Macron und Scholz haben dazu bisher unterschiedliche Vorstellungen geäußert. Der französische Präsident hat die Idee einer Supermacht Europa zwischen den USA und China mit einer größtmöglichen «strategischen Autonomie» ins Spiel gebracht. Scholz sieht das anders: «Wer nostalgisch dem Traum europäischer Weltmacht nachhängt, wer nationale Großmachtfantasien bedient, der steckt in der Vergangenheit», meint er. Außerdem betont der SPD-Politiker stets, wie wichtig ihm die transatlantische Partnerschaft mit den USA ist. Strategische Autonomie Europas ist nicht sein Ding.

Scholz und Macron hatten nach dem Regierungswechsel in Deutschland im Dezember 2021 auch sonst keinen guten Start. Immer wieder gab es Differenzen, vor allem in der Energie- und Verteidigungspolitik. In seiner europapolitischen Grundsatzrede in Prag vor einem Jahr erwähnte Scholz Frankreich erst gar nicht, was in Paris überhaupt nicht gut ankam.

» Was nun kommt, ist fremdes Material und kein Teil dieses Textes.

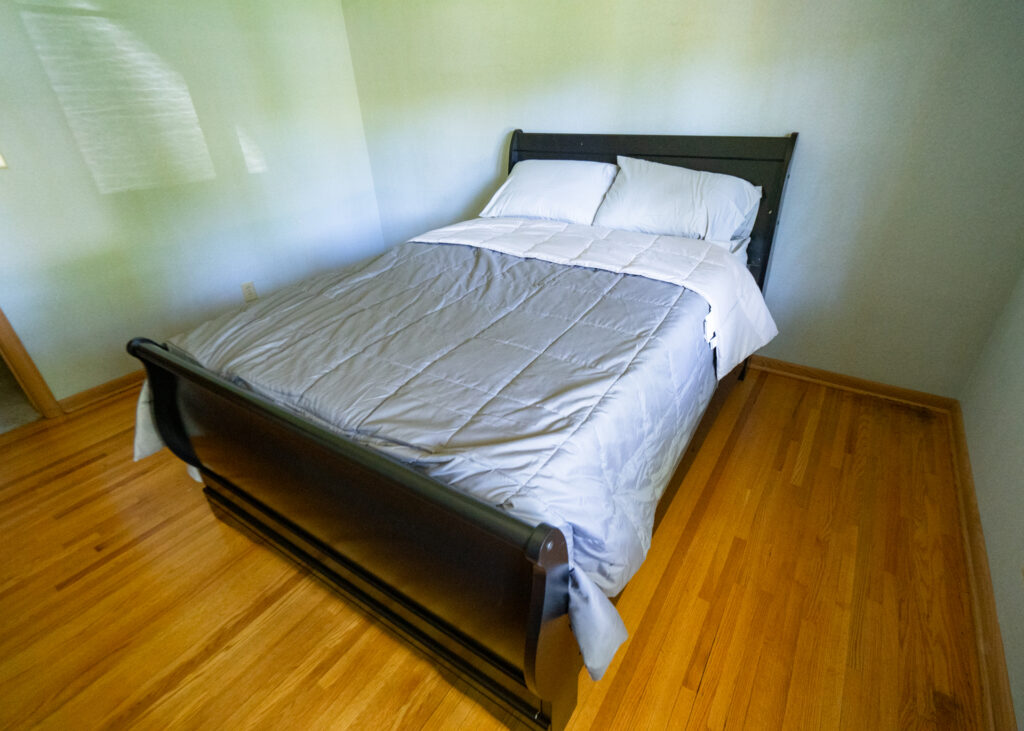 Bedroom with bed and wood flooring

Bundespräsidialamt will «gut geölte Kooperationsmaschine» feiern

Seit ein paar Monaten bemühen sich beide Seiten aber, die Kurve zu bekommen. Im Januar feierten die beiden Regierungen in Paris zusammen 60 Jahre Élysée-Vertrag. Vor wenigen Wochen besuchte Macron den Kanzler als erster Staatschef an dessen Wohnort in Potsdam. Der Staatsbesuch reiht sich nun in solche Versuche der Wiederannäherung ein. Aus dem Bundespräsidialamt heißt es, man wolle beim Staatsbesuch die deutsch-französische Freundschaft feiern, die im politischen Alltag allzu oft als selbstverständlich angesehen werde. «Sie ist eine gut geölte Kooperationsmaschine, die eigentlich meistens nur auffällt, wenn es ein bisschen ruckelt.»

Von der Versöhnung zum gemeinsamen Blick in die Welt

Es solle nun ein neues Kapitel in den Beziehungen aufgeschlagen werden. In den 60 Jahren seit der Unterzeichnung des Élysée-Vertrages sei es vor allem um Versöhnung, gute Nachbarschaft und wachsende Freundschaft zwischen den einst verfeindeten Staaten gegangen. «Dieses Kapitel ist gelungen», wird im Bundespräsidialamt betont. War der Blick bislang vor allem aufeinander gerichtet, so gehe es nun «um den gemeinsamen Blick in die Welt hinaus» – also um Zusammenarbeit in zentralen Fragen wie dem Klimawandel, neue geopolitische Herausforderungen wie den russischen Angriffskrieg gegen die Ukraine sowie technologische Transformation und Künstliche Intelligenz.